The Great Sahara Desert

 Sahara Desert - one of the largest deserts in the world. Sahara stretches across much of North Africa, covering 9,000,000 square kilometers. In fact, the Sahara Desert is 30% of the entire African continent. This - the hottest and hot place in the world with summer temperatures often exceeding 57 degrees Celsius. In the desert drops annual rainfall and very strong sandstorms, raising sand at 1000 meters in height and moving dunes.
Some say that the Sahara desert before the first glacial period was much larger, and some assert that the Sahara desert appeared 4000 years ago. For example, German scientists using computer modeling the Earth's climate, and found that the Sahara became a desert 4000 years ago. 10,000 years ago, the largest desert in the world was covered with grass and low bushes, but then the summer was hotter and the rain almost stopped. Of course, disappeared many ancient civilizations, and all life has left the Sahara.
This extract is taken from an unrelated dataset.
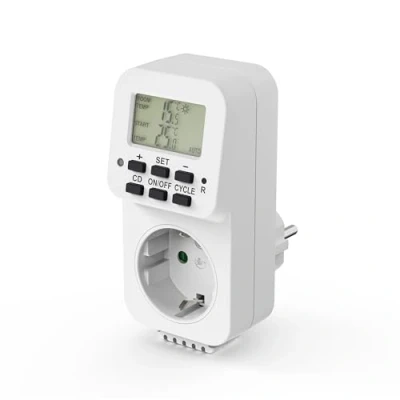 Immagine di conecto presa termostatica digitale, con sensore interno e timer, per terrario, serra, affumicatore, riscaldamento, regolatore di temperatura, raffreddamento monitoraggio del gelo, 3600 watt, bianco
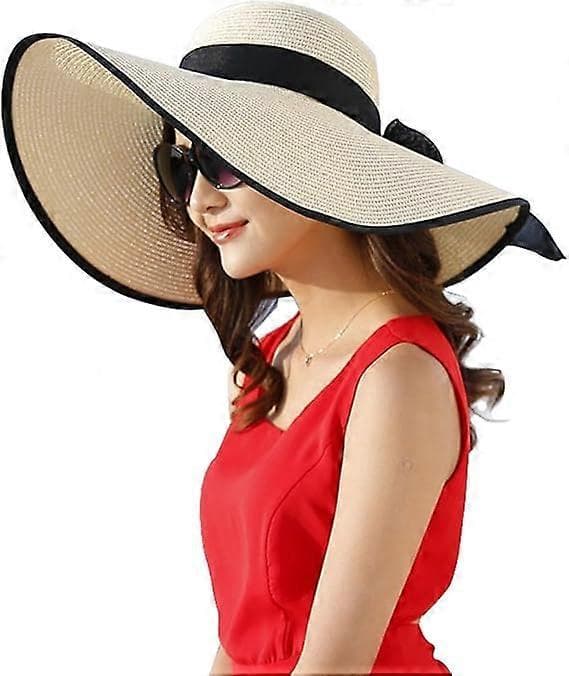 Bredskygget Fedora Hat til Kvinder Bæltespænde Retro Panama Floppy Hat Beige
According to scientists from the Potsdam Institute for Climate Research, the transformation of the Sahara desert has become one of the most dramatic climatic events on Earth foreseeable millennia. Why is it so unstable climate? It turns out that the axis tilt of the Earth to the Sun is gradually changing: Approximately 9,000 years ago it was 24.14 degrees, but now - 23.45 degrees. Today, the Earth most closely approaches the Sun in January, ten thousand years ago the same - at the end of July. Subtle changes in Earth's orbit around the Sun, increased interaction with the atmosphere, ocean and land, climate change beyond recognition.
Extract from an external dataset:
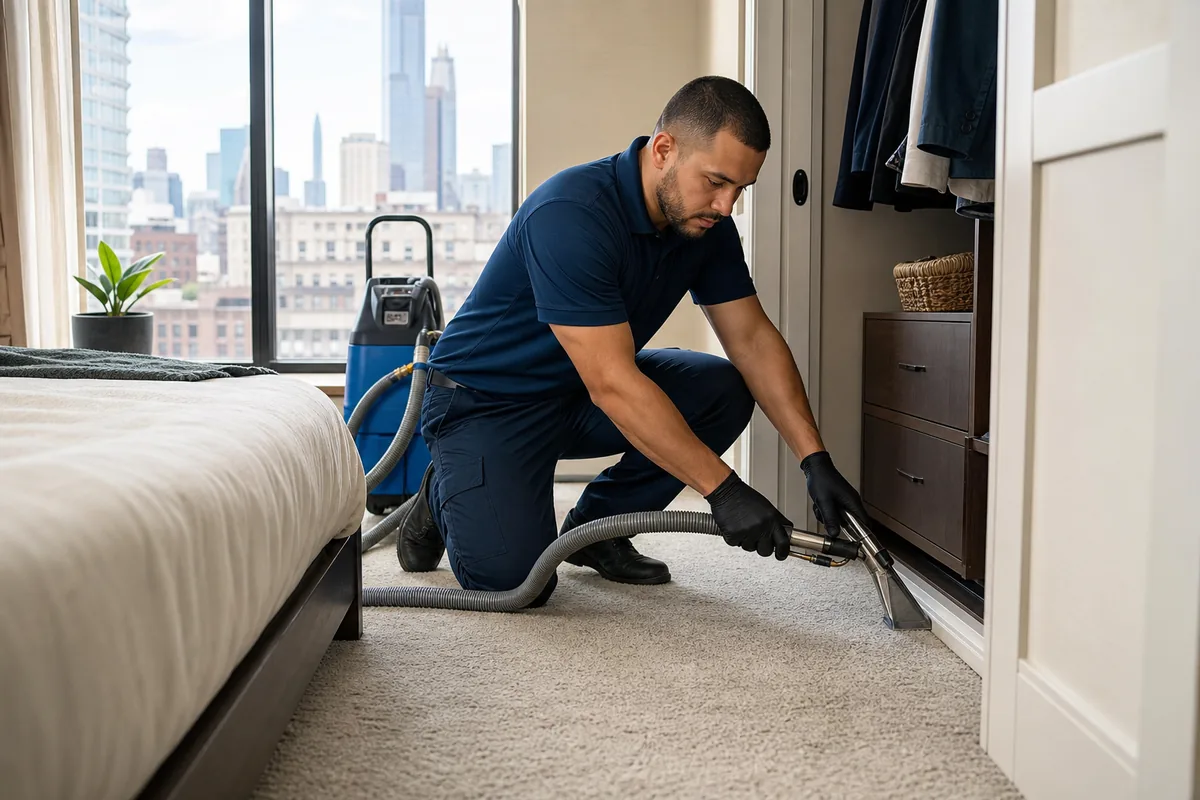 Technician detailing carpet along a closet threshold and baseboard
 The climate of the Sahara extraordinaire. Damp factor is the widespread provision Sahara to the north and south of the Tropic of Cancer. This explains the fact that a large part of the desert throughout the year is influenced by northeast trade winds. Additional influence on climate is situated in the north of the Atlas mountain barrier, stretching from west to east and prevents penetration into the wilderness of the main mass of moist Mediterranean air. In the south of the Gulf of Guinea to the Sahara freely summer coming wet mass, which gradually draining the reach of its central parts. The extreme dryness of the air, the huge value of the deficit and humidity, respectively, an exceptionally large volatility characteristic of the whole Sahara. On rainfall in the Sahara can be divided into three zones: northern, central and southern.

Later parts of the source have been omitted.